Buenos Aires: The 11th ministerial conference (MC11) of the World Trade Organization (WTO) ended on Wednesday without any substantial outcome as consensus eluded the 164-member body.
After the US on Tuesday blocked a permanent solution on government stockholding for food security purposes, India toughened its stand on new issues including e-commerce and investment facilitation.
Finally, consensus could not be reached on a ministerial declaration and the conference ended with a chair’s summary of MC11 proceedings.
Member states did agree to secure a deal on elimination of fisheries subsidies by the next ministerial in December 2019. Reluctance on the part of China and India to make immediate commitments thwarted a deal on fisheries at the Buenos Aires meet.

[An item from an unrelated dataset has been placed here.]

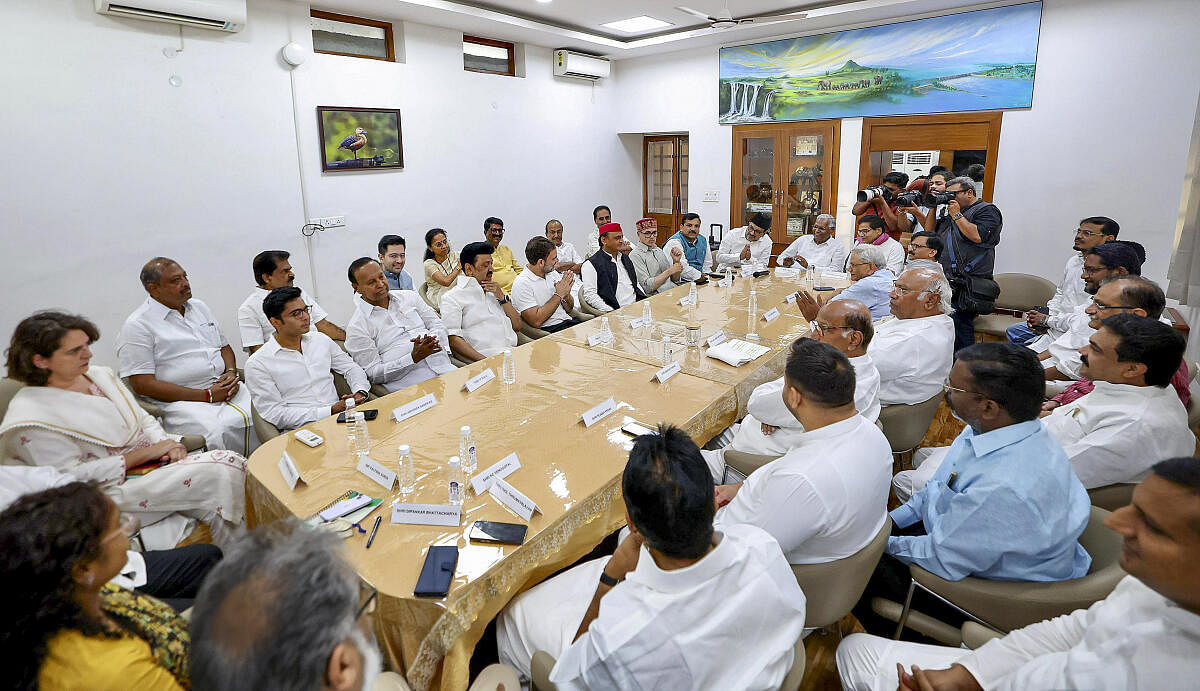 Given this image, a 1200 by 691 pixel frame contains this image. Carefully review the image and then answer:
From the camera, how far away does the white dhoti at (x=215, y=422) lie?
3285 millimetres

Argentine President Mauricio Macri even made a last-minute call to India’s trade minister Suresh Prabhu, leading the Indian delegation at Buenos Aires, to sign a draft ministerial declaration.
“As the draft lacked emphasis on issues close to India’s concern such as multilateralism, Doha Development Agenda, special and differential treatment of developing countries, India refused to budge. No ministerial declaration is better than a bad one,” a senior Indian commerce ministry official said on condition of anonymity.

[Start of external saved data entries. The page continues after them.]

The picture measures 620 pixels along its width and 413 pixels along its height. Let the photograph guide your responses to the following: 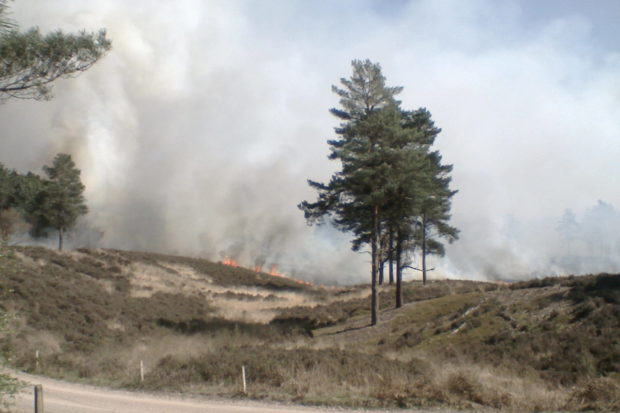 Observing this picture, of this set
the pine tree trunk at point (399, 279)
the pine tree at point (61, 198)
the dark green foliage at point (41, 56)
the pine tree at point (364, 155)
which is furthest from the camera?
the pine tree at point (61, 198)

“Due to divergences among members, and a few members not supporting acknowledgement and reiteration of key underlying principles guiding the WTO and various agreed mandates, ministers could not arrive at an agreed ministerial declaration,” an Indian commerce ministry statement said.
“We knew that progress here would require a leap in members’ positions,” WTO director general Roberto Azevedo said at the concluding ceremony. “We didn’t see that.”

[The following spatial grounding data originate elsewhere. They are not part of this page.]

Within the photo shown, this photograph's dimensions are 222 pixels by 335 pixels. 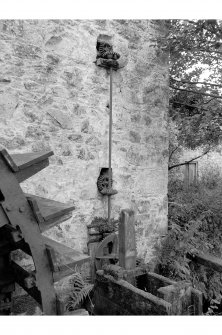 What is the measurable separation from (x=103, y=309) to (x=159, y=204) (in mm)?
1779

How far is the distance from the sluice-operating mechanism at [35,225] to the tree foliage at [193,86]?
281 cm

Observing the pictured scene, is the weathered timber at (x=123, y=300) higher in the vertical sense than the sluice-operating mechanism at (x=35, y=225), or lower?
lower

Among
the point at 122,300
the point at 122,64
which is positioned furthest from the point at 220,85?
the point at 122,300

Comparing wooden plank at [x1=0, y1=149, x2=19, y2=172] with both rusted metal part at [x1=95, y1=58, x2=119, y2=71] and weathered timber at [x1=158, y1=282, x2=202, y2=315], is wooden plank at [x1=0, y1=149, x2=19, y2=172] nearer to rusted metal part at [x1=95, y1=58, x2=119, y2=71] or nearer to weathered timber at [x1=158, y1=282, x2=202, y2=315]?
weathered timber at [x1=158, y1=282, x2=202, y2=315]

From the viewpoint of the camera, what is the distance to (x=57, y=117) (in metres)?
3.45

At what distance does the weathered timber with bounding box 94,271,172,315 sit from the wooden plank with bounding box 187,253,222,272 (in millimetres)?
1702

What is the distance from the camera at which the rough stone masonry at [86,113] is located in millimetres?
3203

Indian officials expressed disappointment as the WTO failed to deliver on its promise of a permanent solution in this round, but expressed satisfaction that they were able to thwart moves by developed countries to introduce new issues into the WTO agenda such as e-commerce, investment facilitation, MSMEs (micro, small and medium enterprises) and gender equality.
Azevedo assured members of WTO’s commitment to deliver a permanent solution on government procurement for food security purposes and said work will continue post MC11 to deliver on that promise.
Developed countries led by the US and the European Union sought to find a way out of the deadlock at the WTO talks by forming large pressure groups on e-commerce, investment facilitation and MSMEs within the WTO with more than 70 members in each formulation. Though WTO is driven by consensus and even a plurilateral agreement needs approval of all members, analysts see the formation of these groups as an attempt to steer WTO away from its focus on multilateralism.
Asit Ranjan Mishra is in Buenos Aires at the invite of India’s commerce ministry to cover MC11.